Berkeley economist Brad DeLong stoops to new lows, and my response
May 08, 2010
– Comments (9)
If you can stomach constant drivel from an anti-capitalist hack, then DeLong's blog is for you. I check in from time to time just to see what venom he is hurling at Liberty today. Yesterday, he (or his disgruntled Grad assistant) posted this gem:
Listening to the graduating students...
Those majoring in peace and conflict studies, development studies, and rhetoric...
It seems, reading through the lines of what they say, that the modal teacher in those programs approaches their educational mission as though they have a dire and urgent need to deprogram young minds that have been enslaved to the harsh market-ueber-alles doctrines of neoliberal capitalism and classical economics.
The problem is that these nineteen year olds are from the upper-middle class of twenty-first century California and are at base do-gooder meritocrats deeply suspicious of large greedy corporations that repeatedly and recurrently try to sell them junk that they don't really need. They have not only not been programmed by the ideologies of neoliberal market capitalism and classical economics, they barely know that they exist at an ideological level.
So their teachers come off, much of the time, as people who look like they are engaged in a desperate hand-to-hand struggle with a vicious antagonist--but one who is not only invisible but who isn't really there--and so they come off as unbalanced themselves...
If you are going to turn every class into a wrestle with the ghosts of Milton Friedman, Friedrich Hayek, Robert Nozick, Ronald Reagan, and Margaret Thatcher, you will look silly unless you first make sure your students know who you are wrestling with, and why your struggle is such a desperate one--why their arguments have force and power...
DeLong deletes comments from opposing viewpoints so here is what I wrote in response:
David said...
Brad is this really one of your entries, or did one of your dissatisfied grad students write this?

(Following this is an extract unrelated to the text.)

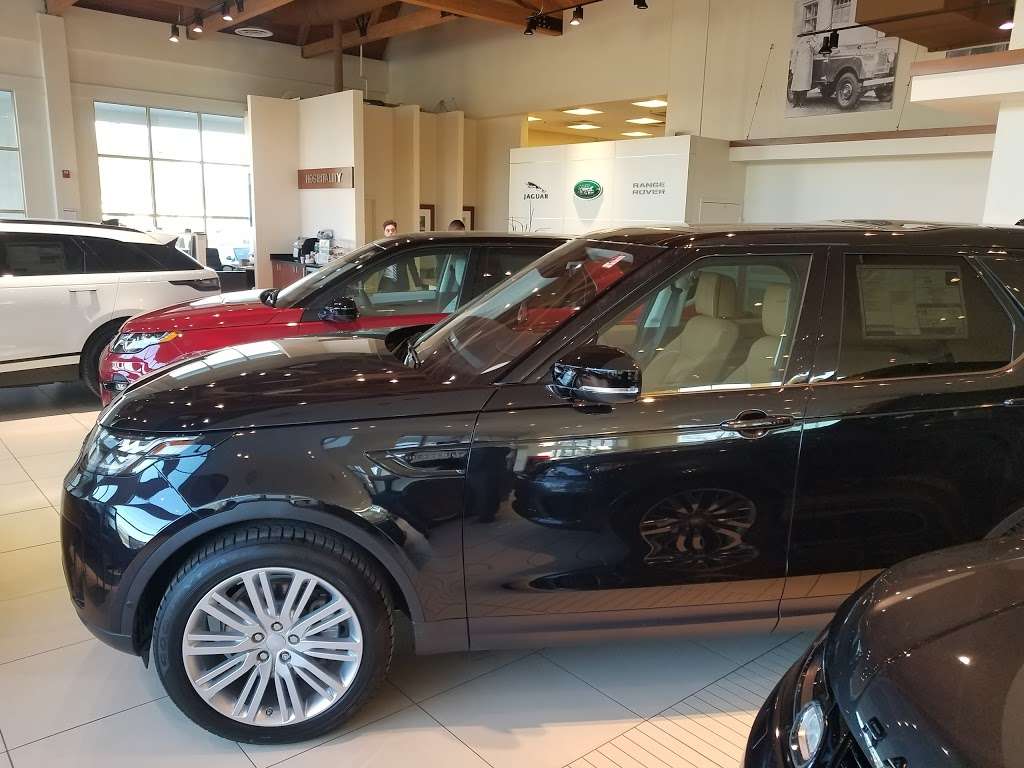 Herb Chambers Land Rover Jaguar Sudbury | 83 Boston Post Road, Rte 20, Sudbury, MA 01776, USA | Phone: (508) 650-8822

Are you really saying that:
1. Here at Berkely we are ideologically committed to anti-market, anti-individualist ideology. Ours is the one and only path.
AND
2. We shoud recognize that our students already hold a similar philosophy, yet somehow, at the same time we have to reinforce (perhaps brainwash) that belief without coming off as desperate.
It's so sad. This explains why you stoop to the intellectualy insulting practice of deleting comments. It explains a lot.
At least the individualist, pro-market side of the debate openly welcoms debate, studies the Progressive ideology and provides its justification for rejecting these ideas.
If you don't believe it, download the entire Mises U 2009 seminar (about 60 lectures - all free at ITunesU.) Roughly half of them deal with understanding other economic and political viewpoints. The other half explain their (the Austrian) position.
Contrast that with your attitude and the insecurity at Berkeley is stunning.
David in Qatar
(p.s. I've actually been working on a post that examines the anti-market mentality of University professors and Novick is one of the most interesting examples of an academic that fought that mentality. How fitting that I ran across DeLong's Marxist screed today.)